### [Data provided]
☆ ☆ ☆ ☆ ☆ ☆ ☆

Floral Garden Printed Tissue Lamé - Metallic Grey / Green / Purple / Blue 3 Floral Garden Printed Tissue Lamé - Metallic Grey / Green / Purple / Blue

☆ ☆ ☆ ☆ ☆ ☆ ☆

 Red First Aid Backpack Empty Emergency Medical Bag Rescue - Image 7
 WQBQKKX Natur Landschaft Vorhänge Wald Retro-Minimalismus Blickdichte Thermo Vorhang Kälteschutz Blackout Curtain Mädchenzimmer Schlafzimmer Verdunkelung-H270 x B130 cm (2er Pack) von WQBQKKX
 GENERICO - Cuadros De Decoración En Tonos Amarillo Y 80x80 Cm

☆ ☆ ☆ ☆ ☆ ☆ ☆

### [Problem to work on]
Every line from the line containing "WQBQKKX Natur Landschaft" through the line containing "GENERICO - Cuadros" in the records above must be retyped exactly. Leave out the rest.

### [Exercise solution]
 WQBQKKX Natur Landschaft Vorhänge Wald Retro-Minimalismus Blickdichte Thermo Vorhang Kälteschutz Blackout Curtain Mädchenzimmer Schlafzimmer Verdunkelung-H270 x B130 cm (2er Pack) von WQBQKKX
 GENERICO - Cuadros De Decoración En Tonos Amarillo Y 80x80 Cm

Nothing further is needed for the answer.